Диптих На перекрёстке века
I
Двадцатый век ушёл и вместе с ним
Ушли известные и позабытые поэты.
Теперь они за гранью где-то,
А мы о них всё говорим и говорим.
И вспоминаем тех, которых многие забыли,
И тех, которых в школе проходили:
Талантливых, добившихся признанья,
Трагичных и достойных состраданья.
Мы память о поэтах сохранили,
Но разучились, видимо, любить.
И время виновато, может быть,
Что к ним сочувствия уже не ощутили.
Что стали чаще забывать стихотворенья,
И путать имена поэтов имярек.
Кого из них признает двадцать первый век?
Кого забудет в жажде обновленья?
Сегодня мы рвёмся к признанию сами.
И судим, и пишем, и ставим акценты, где надо.
Хрущёвскую оттепель нервно назвали бравадой,
Серебряный век заболтали пустыми словами.

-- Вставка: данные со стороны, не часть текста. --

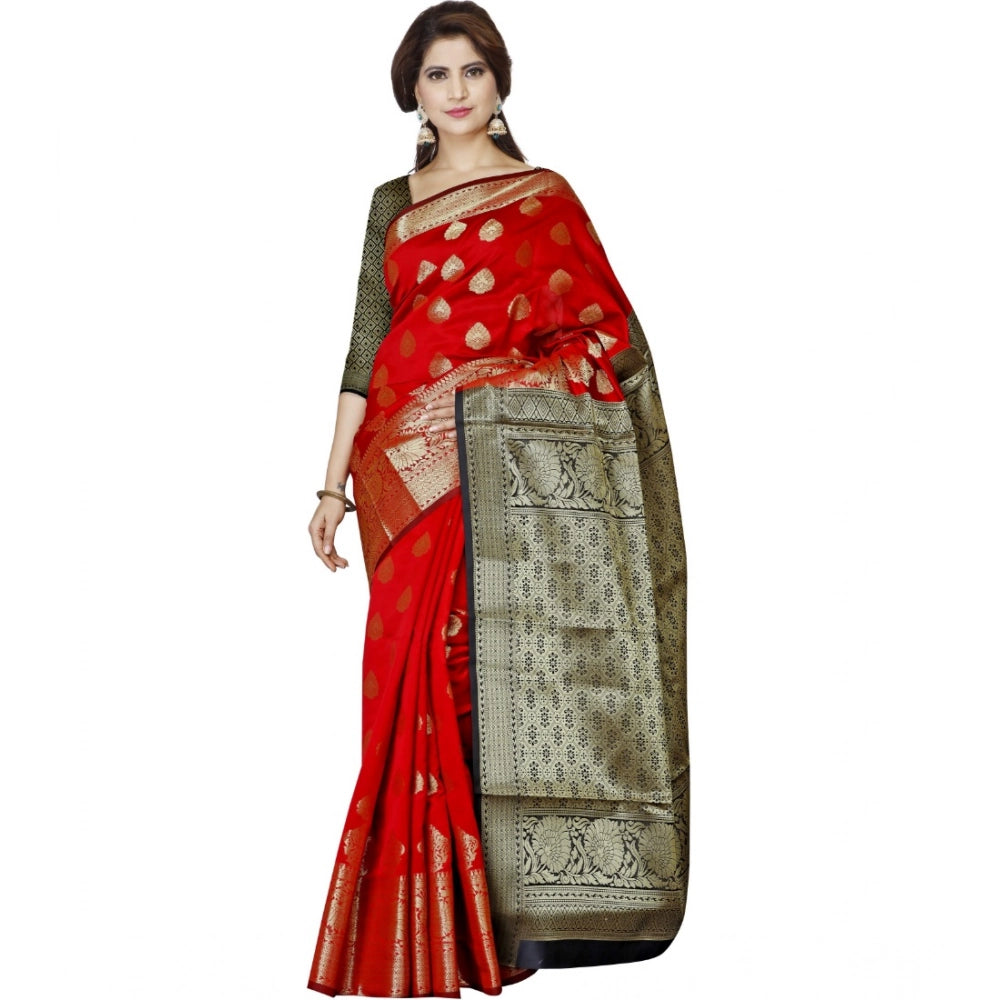Red jacquard woven saree with unstitched blouse, 5.5mtr long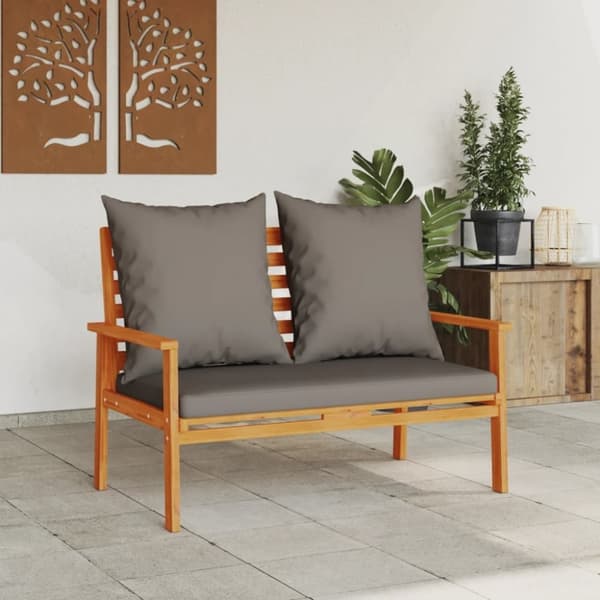 vidaXL Hagebenk med pute 120 cm heltre akasie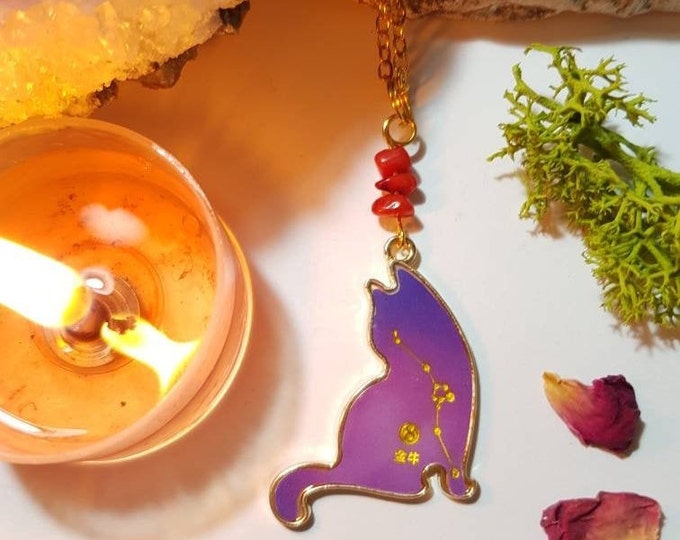 Taurus gold plated cat necklace - Red Coral - May Birthstone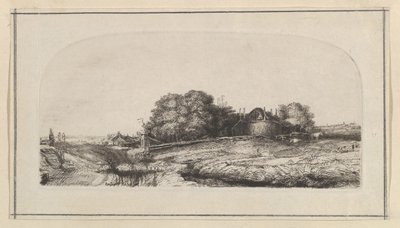 Landskap med en hölada och en fårflock kopia, 1750-1810. av William Baillie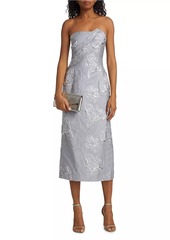 ML Monique Lhuillier Jacqueline Floral Jacquard Midi-Dress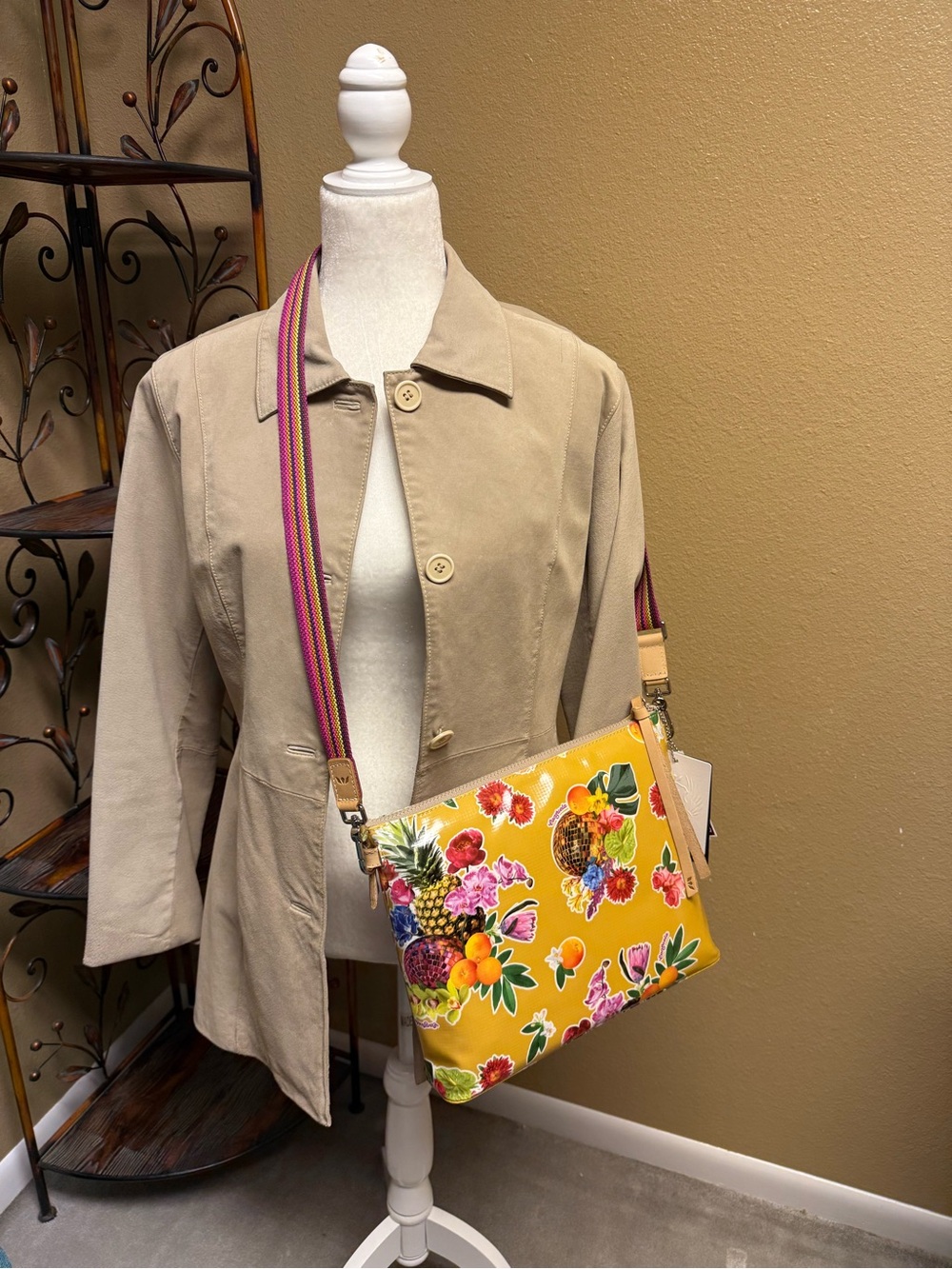 Consuela Yellow Floral Crossbody with Striped Strap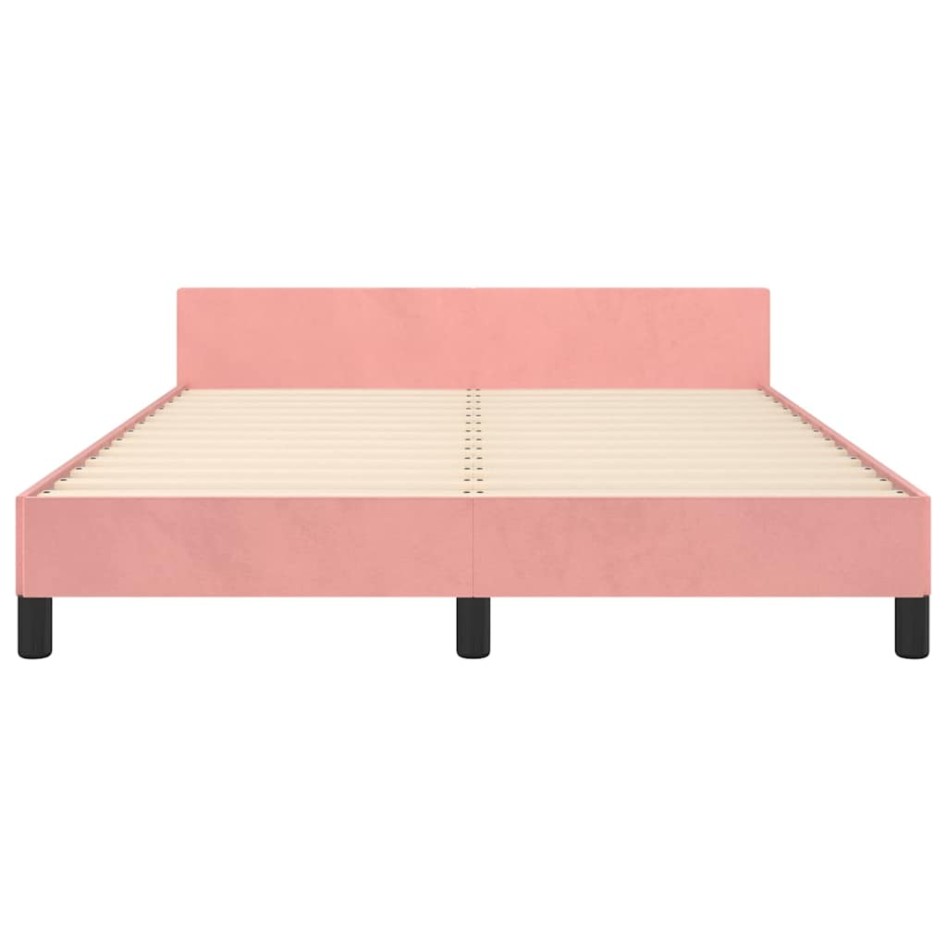 Cama con cabecero sin colchón terciopelo rosa 140x200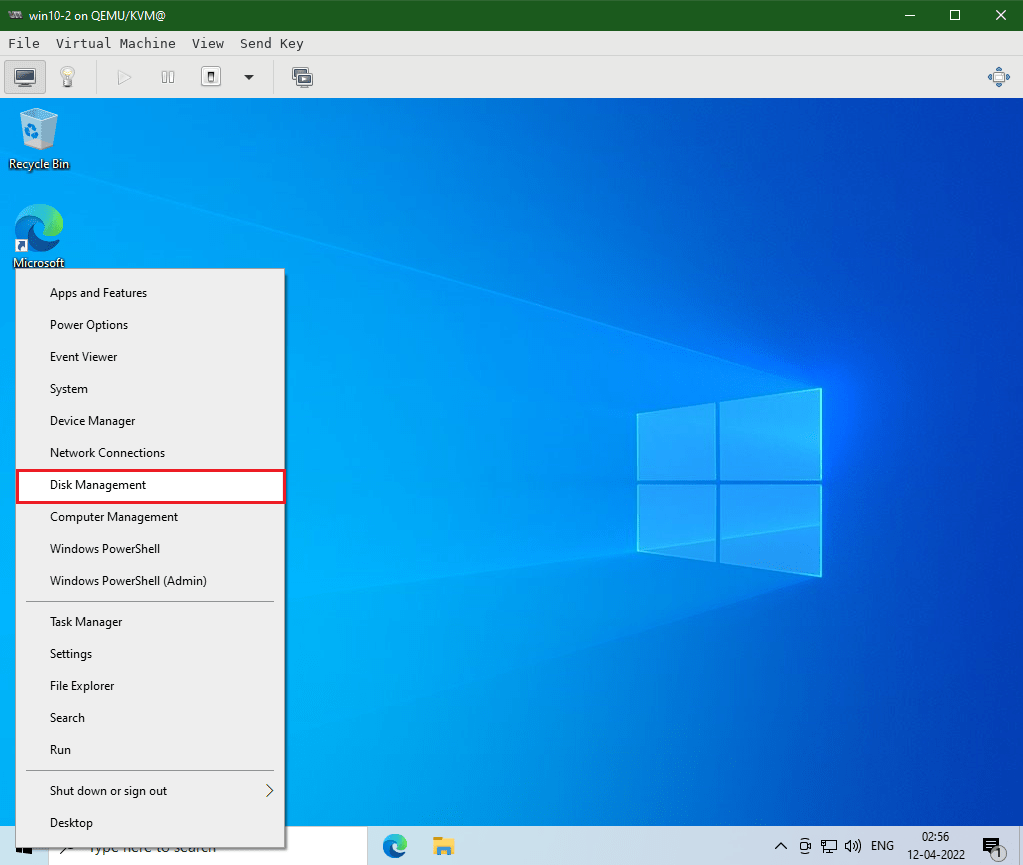 Open Disk Management on Windows 10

Мы судим, а время сужденья итожит,
Но тяга к признанью его забавляет.
Все пишут стихи, но никто не читает.
Коль много поэтов, поэзия выжить не может.
Она стремится к обновленью,
Когда меняются вожди и поколенья.
Бывает вероломна новизна.
И часто новые безлики имена,
Такие же, как их стихотворенья.
Ноябрь 2008
II
Сегодня новый век сменил приоритеты.
Оценки и сужденья круто поменял.
Теперь другой товарищ правит бал.
И в шуме бала, суеты и света
Я вспомнила Божественных поэтов.
Вне времени поёт Божественная Бэла.
Её стихи звучат со сцены до сих пор.
Но в ложах слышится докучный разговор:
Что время нужное поймав, не упускала,
Что место нужное не отдала с тех пор.
Ещё одна звезда свой выбрала удел.
Божественный Иосиф назван тунеядцем.
На высылке, свободу прославляя, пел.
Как птица, с песней к звёздам улетел;
Он был последним и умел смеяться.
Божественный Сергей — бездомный и ослушный,
Певец соломенной Рязани и опавших клёнов.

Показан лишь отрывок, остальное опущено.